Em um tom marrom
Neste filme, sem a menor capacidade capacidade elíptica, parece ter sido concentrada a parte mais pesada, retórica e chata da história
Não há pior aliança para a qualidade que a formada pelo fundamentalismo literário-cinematográfico que acompanha as grandes sagas juvenis e o comercialismo ao extremo, esticando ao máximo os benefícios econômicos de um produto que talvez, em sua essência, e em seu início, tivesse um certo esplendor, mas que na base do inchaço se transforma em uma simples hipertrofia.
Jogos Vorazes: A Esperança – PARTE 1
Direção: Francis Lawrence.
Atores: Jennifer Lawrence, Julianne Moore, Donald Sutherland.
Gênero: ficção científica. EUA, 2014.
Duração: 123 minutos.
Não é que os fanáticos demandem fidelidade, é que exigem literalidade. E os produtores, conscientes de que não podem decepcionar sua legião, aproveitam o pedido esticando ao máximo o conteúdo. O resultado é Jogos Vorazes: A Esperança – Parte 1, ao redor do qual não parece difícil imaginar uma conversa em um escritório com a seguinte frase: “Se Peter Jackson transformou um livro de apenas 300 páginas, O Hobbit, em três filmes, por que não vamos poder nós mesmos fazer dois filmes de A Esperança, terceiro volume da trilogia de Os Jogos Vorazes, se tem mais de 400 páginas?
A primeira e fundamental consequência da decisão é que a estrutura narrativa vem abaixo, suas reviravoltas, a evolução da trama, o crescendo dramático. A segunda consequência é que é preciso contar tudo, para rechear, mas um livro é um livro, e um filme, um filme.

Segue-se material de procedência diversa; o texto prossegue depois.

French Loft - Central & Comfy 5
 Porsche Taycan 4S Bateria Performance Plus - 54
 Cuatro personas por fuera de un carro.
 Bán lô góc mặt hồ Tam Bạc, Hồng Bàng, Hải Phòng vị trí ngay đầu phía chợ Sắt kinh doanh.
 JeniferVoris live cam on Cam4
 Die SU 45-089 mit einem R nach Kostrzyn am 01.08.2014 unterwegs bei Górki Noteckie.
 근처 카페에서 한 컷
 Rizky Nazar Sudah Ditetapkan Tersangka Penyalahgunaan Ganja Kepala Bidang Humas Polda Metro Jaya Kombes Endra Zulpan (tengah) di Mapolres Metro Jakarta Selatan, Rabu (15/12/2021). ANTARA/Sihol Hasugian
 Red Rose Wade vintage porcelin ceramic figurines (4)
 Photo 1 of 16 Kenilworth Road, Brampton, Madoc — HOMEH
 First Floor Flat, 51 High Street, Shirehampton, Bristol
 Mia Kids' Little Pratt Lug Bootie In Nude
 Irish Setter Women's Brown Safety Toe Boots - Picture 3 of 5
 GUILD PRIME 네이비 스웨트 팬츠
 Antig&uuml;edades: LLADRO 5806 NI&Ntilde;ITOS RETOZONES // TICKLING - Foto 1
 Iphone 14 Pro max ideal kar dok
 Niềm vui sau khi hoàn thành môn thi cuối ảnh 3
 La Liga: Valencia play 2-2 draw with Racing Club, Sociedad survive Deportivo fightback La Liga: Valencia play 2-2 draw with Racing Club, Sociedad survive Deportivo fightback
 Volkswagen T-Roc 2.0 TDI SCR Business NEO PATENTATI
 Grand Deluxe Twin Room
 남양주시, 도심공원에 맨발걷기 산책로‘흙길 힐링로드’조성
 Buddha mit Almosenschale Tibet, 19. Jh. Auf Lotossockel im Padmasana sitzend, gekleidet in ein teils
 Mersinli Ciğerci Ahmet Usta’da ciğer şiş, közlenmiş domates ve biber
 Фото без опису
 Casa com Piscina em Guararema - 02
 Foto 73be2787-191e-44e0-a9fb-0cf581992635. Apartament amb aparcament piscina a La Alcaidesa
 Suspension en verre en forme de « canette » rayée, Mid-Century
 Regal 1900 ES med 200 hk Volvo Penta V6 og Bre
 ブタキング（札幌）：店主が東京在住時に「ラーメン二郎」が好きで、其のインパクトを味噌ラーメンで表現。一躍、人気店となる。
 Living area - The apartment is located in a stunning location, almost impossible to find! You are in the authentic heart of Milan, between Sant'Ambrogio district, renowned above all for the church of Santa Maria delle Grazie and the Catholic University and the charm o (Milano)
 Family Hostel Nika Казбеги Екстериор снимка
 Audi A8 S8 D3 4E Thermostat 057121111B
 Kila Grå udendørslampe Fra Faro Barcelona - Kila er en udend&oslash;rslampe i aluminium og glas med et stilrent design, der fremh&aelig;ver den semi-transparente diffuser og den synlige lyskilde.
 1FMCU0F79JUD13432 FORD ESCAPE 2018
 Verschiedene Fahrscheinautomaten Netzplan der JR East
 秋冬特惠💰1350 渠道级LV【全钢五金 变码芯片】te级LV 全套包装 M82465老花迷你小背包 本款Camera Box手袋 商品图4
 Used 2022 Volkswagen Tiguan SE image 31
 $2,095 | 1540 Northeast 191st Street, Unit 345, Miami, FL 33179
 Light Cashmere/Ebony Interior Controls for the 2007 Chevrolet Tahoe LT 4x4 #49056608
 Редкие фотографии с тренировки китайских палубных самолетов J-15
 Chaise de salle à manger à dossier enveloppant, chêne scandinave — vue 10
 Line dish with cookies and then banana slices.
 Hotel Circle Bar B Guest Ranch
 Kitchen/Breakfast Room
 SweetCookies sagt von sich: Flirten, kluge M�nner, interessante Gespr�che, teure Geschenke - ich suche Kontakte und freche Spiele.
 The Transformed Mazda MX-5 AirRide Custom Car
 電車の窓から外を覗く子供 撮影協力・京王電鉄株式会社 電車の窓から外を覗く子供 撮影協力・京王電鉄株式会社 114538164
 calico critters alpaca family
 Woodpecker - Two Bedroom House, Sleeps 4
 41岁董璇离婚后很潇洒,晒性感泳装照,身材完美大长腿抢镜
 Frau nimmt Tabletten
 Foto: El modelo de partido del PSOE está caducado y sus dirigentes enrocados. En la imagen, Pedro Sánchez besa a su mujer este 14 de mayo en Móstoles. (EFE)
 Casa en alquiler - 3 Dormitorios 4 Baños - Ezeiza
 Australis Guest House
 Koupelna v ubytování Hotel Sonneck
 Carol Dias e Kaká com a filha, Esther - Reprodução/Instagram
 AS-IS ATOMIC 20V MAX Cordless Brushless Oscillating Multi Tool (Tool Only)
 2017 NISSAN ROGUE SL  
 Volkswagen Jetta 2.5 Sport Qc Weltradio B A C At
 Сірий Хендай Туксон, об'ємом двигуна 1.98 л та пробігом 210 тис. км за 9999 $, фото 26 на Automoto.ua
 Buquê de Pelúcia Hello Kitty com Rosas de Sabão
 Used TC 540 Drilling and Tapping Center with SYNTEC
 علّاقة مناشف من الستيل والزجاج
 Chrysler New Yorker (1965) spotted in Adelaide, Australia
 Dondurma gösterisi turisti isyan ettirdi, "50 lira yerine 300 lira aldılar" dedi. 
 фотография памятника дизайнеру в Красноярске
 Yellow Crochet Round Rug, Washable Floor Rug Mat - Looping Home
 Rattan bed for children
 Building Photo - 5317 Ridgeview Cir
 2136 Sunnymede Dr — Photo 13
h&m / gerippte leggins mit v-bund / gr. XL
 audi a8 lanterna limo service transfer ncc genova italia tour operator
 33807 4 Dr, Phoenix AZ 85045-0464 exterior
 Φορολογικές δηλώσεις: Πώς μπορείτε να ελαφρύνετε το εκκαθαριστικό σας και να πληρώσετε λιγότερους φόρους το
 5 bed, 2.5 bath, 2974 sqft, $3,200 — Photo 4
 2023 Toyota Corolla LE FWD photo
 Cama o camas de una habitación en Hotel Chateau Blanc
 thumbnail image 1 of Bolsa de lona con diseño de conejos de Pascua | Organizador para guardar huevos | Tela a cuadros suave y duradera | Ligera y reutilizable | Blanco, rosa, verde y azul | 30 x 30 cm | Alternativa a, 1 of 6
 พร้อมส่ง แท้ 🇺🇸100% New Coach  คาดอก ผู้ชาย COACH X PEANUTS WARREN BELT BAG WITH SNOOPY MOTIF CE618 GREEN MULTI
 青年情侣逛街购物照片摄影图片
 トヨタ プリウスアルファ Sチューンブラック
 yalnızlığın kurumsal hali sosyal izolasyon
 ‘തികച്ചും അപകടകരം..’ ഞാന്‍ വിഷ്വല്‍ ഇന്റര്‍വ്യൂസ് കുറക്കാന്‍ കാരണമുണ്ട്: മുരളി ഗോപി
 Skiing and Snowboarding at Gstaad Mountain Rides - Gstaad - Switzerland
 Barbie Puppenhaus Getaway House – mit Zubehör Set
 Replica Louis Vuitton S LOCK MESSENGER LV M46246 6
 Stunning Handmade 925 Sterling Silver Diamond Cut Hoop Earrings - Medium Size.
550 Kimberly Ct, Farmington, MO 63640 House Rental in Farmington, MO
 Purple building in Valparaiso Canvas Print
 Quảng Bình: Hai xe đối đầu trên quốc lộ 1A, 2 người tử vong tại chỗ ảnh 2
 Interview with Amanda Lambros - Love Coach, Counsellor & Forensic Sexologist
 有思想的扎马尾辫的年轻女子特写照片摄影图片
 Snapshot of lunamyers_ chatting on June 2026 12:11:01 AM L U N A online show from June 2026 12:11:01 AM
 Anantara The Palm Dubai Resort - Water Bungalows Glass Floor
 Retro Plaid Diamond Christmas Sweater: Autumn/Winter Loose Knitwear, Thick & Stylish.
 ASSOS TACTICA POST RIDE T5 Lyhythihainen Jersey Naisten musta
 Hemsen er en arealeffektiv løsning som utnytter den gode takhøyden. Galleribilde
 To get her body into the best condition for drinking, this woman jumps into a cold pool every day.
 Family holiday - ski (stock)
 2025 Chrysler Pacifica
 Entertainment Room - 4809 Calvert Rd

Em A Esperança – Parte 1, sem a menor capacidade elíptica, parece ter sido concentrada a parte mais pesada, retórica e chata da história. Muita conversa sem quase nenhuma importância, uma pitada de ação e o completo desaparecimento do componente aventureiro. Ainda resta algum resquício interessante sobre teoria revolucionária, propaganda para as massas e planos contestatórios do poder (“podemos chamá-los de radicais, que se imponha o termo”), mas é um filme onde se acumulam conversas sobre as estratégias sem que se veja os resultados.
E se, além disso, a aglomeração de bate-papos é filmada por Francis Lawrence, entre a pressa, a falta de vontade e de talento, com excesso de planos-contraplanos, a derrocada do ritmo se torna inevitável. Com um horrorosa fotografia na qual tudo se vislumbra em tons marrons e cinzas, não aproveita nem mesmo, por uma errônea concepção de enquadramento e da montagem, a que poderia ter sido a cena para ser lembrada: a da canção revolucionária interpretada por Jennifer Lawrence, repleta de planos médios que nada mostram dos companheiros que a escutam, e na qual apenas o plano de perfil dela com a água ao fundo tem algo de beleza... durante apenas um par de segundos.
De modo que na falta de um impulso final, com esta primeira parte de A Esperança, a série parece ter perdido todas as virtudes do primeiro filme: entretenimento, versatilidade e uma certa complexidade político-distópica para a plateia juvenil.